Oh and needy. I have NEVER been needy. Never needed people to pay attention to me to this point and get crazy when they don't. Hell, I wish I could say that people are wrong, but I have heard this from three people in the last 24 hours. Kind of hard to ignore all that.

Well, at least now it was. I did a pretty good job of ignoring for the last month or so.

I feel like all I do lately is annoy everyone. Either by being all I mentioned above, or even just kind of rude. Things just popping out of my mouth that even my limited access to a filter ignore. This has happened a lot lately. Where I just kind of snap at people for no real reason.

Apologizing to people all the time is starting to get old. If you are always having to do that, you have a problem.

None of this is an excuse to how I have acted lately. But they are factors, and ones that I have to deal with to get better.

To get sane again.


Tuesday, June 24, 2014

The importance of overcoming

I needed to get some words out of me and this seems like a good place for it.











So, I am struggling right now. You would think that getting a temporary job would have made me feel better, but I have never felt much relief at that. Yes, having money is nice and lord knows how I missed going to the movies. But at the end of this rainbow is the fact that in 3-5 weeks I could be unemployed again. That scares the hell out of me.

I don’t think people realize how hard that can be. It is easy to just say, “get a job”, and there is some truth to that. But the first trap is unemployment. It can lull you into a false sense of security as you tell yourself that you are getting money and you will wait for the right job. But without a car here, finding a job has been a lot harder than it really needed to be.

Eventually, it can start making your doubt yourself. Hell, I do that enough as it is, as I struggle with the man that I am as opposed to the man I could be. This has been this way for over four years now. I don’t have a lot of confidence in who I am, whether it is about how I am with people, or even in my non-existent dating life. Doubt is easy, and we all struggle with it.

I am trying to remember the last time I really felt good about myself. Don’t get me wrong, it isn’t always depression or anything. But to actually feel good? It has been a while. It is evident in how I am not passionate about the things I have loved for so long anymore. Or, at least I struggle to maintain it. I have game once in the last year. ONCE. This is something I have loved since I was 20. But I have not had the energy to do it in so long. Even now, I still don’t have the energy for it. Hell, I only started reading again a few months ago. That has always been the one constant in my life, and it felt weird to not care about that.

This is showing signs of changing, but slowly.

I lay in bed last night trying to go to sleep, and i realized I was crying. Hell, I didn’t even know why. Yes, I have had my struggles with depression the last few years, and lord knows due to my crappy bed type apparatus, I rarely have a good nights sleep.
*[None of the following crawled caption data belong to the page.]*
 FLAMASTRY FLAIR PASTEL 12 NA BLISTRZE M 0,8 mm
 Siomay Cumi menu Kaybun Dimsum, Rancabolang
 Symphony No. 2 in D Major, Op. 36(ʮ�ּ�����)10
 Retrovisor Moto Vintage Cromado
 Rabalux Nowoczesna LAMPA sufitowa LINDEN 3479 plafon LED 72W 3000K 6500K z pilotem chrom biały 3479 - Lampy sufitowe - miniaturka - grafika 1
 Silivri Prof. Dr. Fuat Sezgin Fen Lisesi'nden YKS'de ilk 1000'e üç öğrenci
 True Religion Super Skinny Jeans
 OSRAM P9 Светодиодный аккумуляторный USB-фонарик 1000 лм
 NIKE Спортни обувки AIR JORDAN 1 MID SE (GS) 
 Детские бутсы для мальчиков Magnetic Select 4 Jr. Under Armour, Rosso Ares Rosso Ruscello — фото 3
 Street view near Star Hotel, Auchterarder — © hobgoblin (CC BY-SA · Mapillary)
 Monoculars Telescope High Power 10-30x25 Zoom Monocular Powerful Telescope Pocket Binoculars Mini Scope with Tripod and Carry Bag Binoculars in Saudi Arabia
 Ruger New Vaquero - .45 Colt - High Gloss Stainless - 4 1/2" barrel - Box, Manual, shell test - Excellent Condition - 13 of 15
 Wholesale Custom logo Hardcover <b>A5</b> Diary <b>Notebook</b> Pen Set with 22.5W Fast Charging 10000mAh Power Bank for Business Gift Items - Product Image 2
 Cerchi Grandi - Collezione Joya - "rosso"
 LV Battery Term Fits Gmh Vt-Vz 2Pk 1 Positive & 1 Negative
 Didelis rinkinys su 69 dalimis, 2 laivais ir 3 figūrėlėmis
That last part goes a LONG way to make all of this worse. Because of this, it has made me a little crazy for a while. I don’t mean psycho kind of crazy, just a very sensitive, and over-reactive kind of crazy. This has caused problems with more than a few people I care about. I am so damn tired of apologizing yet again for reacting the way I do. Yet, when you fuck up, you have to do that.

But with all of this comes hope. I can feel the voice in the back of my mind that wants this to be different.. I refuse to think this is the way my life will always be. I know right now things could be better, but I truly believe I will get my damn life in order at some point. I have to believe that. Life is about balance and it will tip my way again.

You also have to remember that life sure could be a hell of a lot worse too.

Still, I want a great life, god damn it.

I want the things I used to have. Things I lost, or just threw away. Great friends, someone to love, a place to call home. I have no idea where that will take me, and it could even take me out of Pittsburgh, but I know I want that again. Right now, I just have to find the energy to claim that kind of life again.

It isn’t happening today. Or maybe even tomorrow. But it will happen. I truly believe that if you don't think things will get better, they never will. That is sometimes that hardest step.